In order to control the rover under manual control, I use a program called processing that is running on the netbook on the rover. I SSH from my Macbook into the netbook and then run the Rover Control program. This program, written by Mark Craig, receives input from the keyboard and translates data into commands for the motors on the rover.

Once I am able to confirm that each motor runs properly, I test each sensor out individually. To do this I run the example code given on the arduino pages for the GPS and compass to see if I am getting correct readings for the sensors.

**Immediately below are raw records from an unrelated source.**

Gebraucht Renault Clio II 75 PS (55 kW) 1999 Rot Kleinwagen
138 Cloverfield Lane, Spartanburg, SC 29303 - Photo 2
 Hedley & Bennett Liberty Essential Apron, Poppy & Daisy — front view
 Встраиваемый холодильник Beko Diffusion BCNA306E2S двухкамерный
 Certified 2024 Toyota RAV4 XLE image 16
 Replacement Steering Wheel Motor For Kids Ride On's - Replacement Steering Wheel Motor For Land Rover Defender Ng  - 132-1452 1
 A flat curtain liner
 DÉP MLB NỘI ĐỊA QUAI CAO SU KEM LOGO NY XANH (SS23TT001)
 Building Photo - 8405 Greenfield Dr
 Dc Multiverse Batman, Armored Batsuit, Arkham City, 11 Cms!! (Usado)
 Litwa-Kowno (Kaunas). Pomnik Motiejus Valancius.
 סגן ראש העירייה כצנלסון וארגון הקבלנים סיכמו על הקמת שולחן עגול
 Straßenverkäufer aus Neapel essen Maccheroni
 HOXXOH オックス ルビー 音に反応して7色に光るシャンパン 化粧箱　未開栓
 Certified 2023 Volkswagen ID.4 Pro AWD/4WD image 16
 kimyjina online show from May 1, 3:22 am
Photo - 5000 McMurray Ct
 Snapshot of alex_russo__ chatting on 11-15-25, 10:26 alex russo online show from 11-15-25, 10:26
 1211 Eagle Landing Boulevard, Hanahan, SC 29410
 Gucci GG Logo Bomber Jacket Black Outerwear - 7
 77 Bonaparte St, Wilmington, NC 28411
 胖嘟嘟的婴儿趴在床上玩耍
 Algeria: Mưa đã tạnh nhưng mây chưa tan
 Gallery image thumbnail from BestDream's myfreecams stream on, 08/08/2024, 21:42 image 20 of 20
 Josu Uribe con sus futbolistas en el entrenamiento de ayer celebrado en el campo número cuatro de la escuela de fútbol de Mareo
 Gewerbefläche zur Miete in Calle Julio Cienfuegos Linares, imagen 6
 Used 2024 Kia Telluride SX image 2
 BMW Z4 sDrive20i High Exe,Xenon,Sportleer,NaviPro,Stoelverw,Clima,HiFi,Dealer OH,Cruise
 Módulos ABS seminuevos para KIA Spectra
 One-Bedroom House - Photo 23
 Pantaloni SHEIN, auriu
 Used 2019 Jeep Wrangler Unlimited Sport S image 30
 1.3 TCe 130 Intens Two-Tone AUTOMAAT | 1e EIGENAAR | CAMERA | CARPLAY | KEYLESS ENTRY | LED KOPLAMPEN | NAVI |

I started with the PING ultrasound. This sensor sends out an ultrasonic burst and returns an the time it took for the burst echo to return to the sensor. By measuring the echo pulse width, the distance to the object can easily be calculated. I hooked up ground (gnd), 5 volts and signal wire to an arduino uno and uploaded the example code. Figure 5 is a picture of the program running with the serial monitor reporting the distances calculated. In figure 6 is the setup of the top piece of the robot with the ping sensor connected to the arduino.

Having confirmed that both the GPS and the ping sensors are working, I am able to formulate the final code for the project. The way the code works is the user hard codes in the gps waypoint or the 'goal points', then the robot calculates the distance away from that point. Then using the compass module the robot turns to the direction of the goal point and starts heading there until the gps sensor reads the 'goal point'. The robot will continue going from its current position to the goal positions until all positions have been reached.